“How shall we do it?” Raeyadfourne cast an uneasy glance toward the sinking sun. “We don’t have much light left, and I don’t fancy fighting storm giants after dusk.”

“Titan sleeping. Kill first, him,” suggested Ror. “Then storm giants leave, them.”

“That’s absurd, Ror,” said Orisino. “How will you kill that titan?”

It was Raeyadfourne who answered. “We wounded him last night, and many of our axes still bear Basil’s rune marks.” The chieftain squinted at the titan for a moment, then reluctantly shook his head. “But Lanaxis is no fool. Even Tavis couldn’t get within a hundred paces of him without being seen. One way or another, we’re going to have fight the storm giants first. I say we attack as soon as our warriors are ready.”

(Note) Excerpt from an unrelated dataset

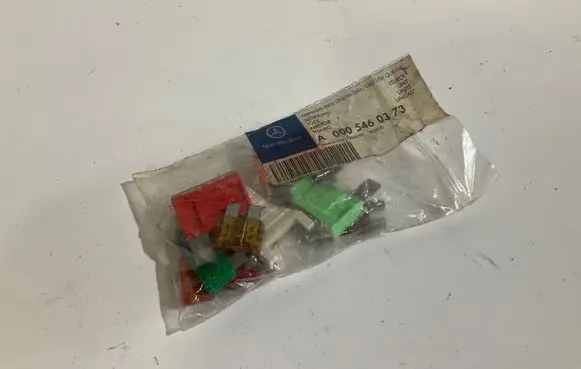 Mercedes-Benz E W211 Fuse A0005460373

Raeyadfourne craned his neck to look down the back side of the hill. Tavis and the others did likewise. The firbolgs stood at the base of the gentle slope, clouds of white vapor spewing from their panting mouths. The short- legged verbeegs had gathered at the western end of the hill. They were leaning on their spears or kneeling in the snow, their ribs heaving as they gasped for breath. The fomorians, hindered by their deformities, were still scuttling or limping or slinking over to the eastern end of the hill, where they were collapsing in the shelter of a small spruce copse. Two companies of human footmen were also rushing northward at their best pace, but they would not arrive in time for the battle.

After studying the exhausted warriors for a moment, Tavis looked back to the meadow. “The f-firbolgs will ch-charge the t-titan,” he said. “I’ll sn-sneak into the t-tower to get B-Brianna and the ch-child.”

The three chieftains all raised their brows at the sound of Tavis’s stuttering. A predatory grin crept across Orisino’s broad mouth.

“You sound… chilly.” The verbeeg glanced at Ror, then observed, “Strange; it doesn’t feel that cold to me.”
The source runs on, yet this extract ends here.